In this video, we'll study analysis of variance.

Assume that we want to analyze

a categorical variable and see

the correlation among different categories.

For example, consider the car dataset.

The question we may ask is how different categories

the make feature as

a categorical variable has impact on the price?

The diagram shows the average price

of different vehicle makes.

We do see a trend of

increasing prices as we move right along the graph,

but which category in the Make Feature has the most and

which one has the least impact

on the car price prediction?

To analyze categorical variables

such as the make variable,

we can use a method such as the ANOVA method.

ANOVA is a statistical test that

stands for Analysis of Variance.

ANOVA can be used to find the correlation

between different groups of a categorical variable.

According to the car dataset,

we can use ANOVA to see if there is any difference in

mean price for the different car

makes such a Subaru and Honda.

The ANOVA test returns two values,

the F-test score and the p-value.

The F-test calculates the ratio of variation between

the groups mean over

the variation within each of the sample groups.

The p-value shows whether

the obtained result is statistically significant.

Without going too deep into the details,

the F-test calculates the ratio

of variation between groups

means over the variation

within each of the sample group means.

This diagram illustrates a case where

the F-test score would be small because as we can see,

the variation of the prices in each group of data is

way larger than the differences

between the average values of each group.

Looking at this diagram,

assume that group one is Honda and group two is Subaru,

both are the Make Feature categories.

Since the F-score is small,

the correlation between price as

the target variable and the groupings is weak.

In the second diagram,

we see a case where the F-test score would be large.

The variation between the averages of the two groups is

comparable to the variations within the two groups.

Assume that group one is Jaguar and group two is Honda,

both are the Make Feature categories.

Since the F-score is large,

thus the correlation is strong in this case.

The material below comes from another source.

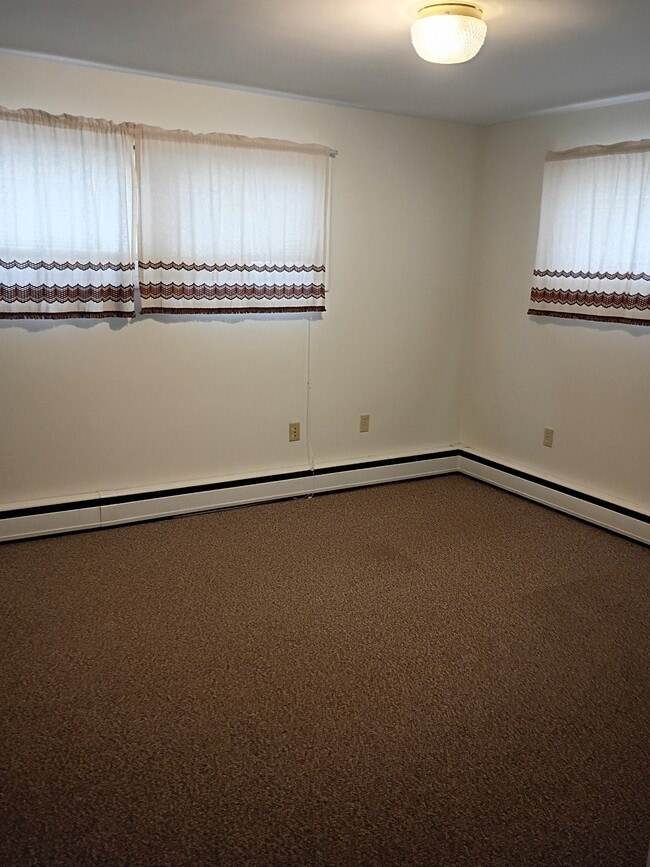 Building Photo - 445 Schaeffer Rd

Getting back to our example,

the bar chart shows

the average price for different

categories, the Make Feature.

As we can see from the bar chart,

we expect a small F-score between Honda's and

Subaru because there is

a small difference between the average prices.

On the other hand,

we can expect a large F-value between Honda's and

Jaguars because the differences

between the prices is very significant.

However, from this chart,

we do not know the exact variances.

So let's perform an ANOVA test

to see if our intuition is correct.

In the first line, we extract the make and price data.

Then, we'll group the data by different makes.

The ANOVA test can be performed in Python using

the f_oneway method as

the built-in function of the SAI PI package.

We pass in the price data of

the two car make groups that we want to compare,

and it calculates the ANOVA results.

The results confirm what we guessed at first.

The prices between Hondas and

Subarus are not significantly different,

as the F-test score is less than one,

and p-value is larger than 0.05.

We can do the same for Honda and Jaguar.

The prices between Hondas and Jaguars are

significantly different since the F-score is very large.

F equals 401, and the p-value is larger than 0.05.

All in all, we can say that there's

a strong correlation between a categorical variable and

other variables if the ANOVA test gives us

a large F-test value and a small p-value.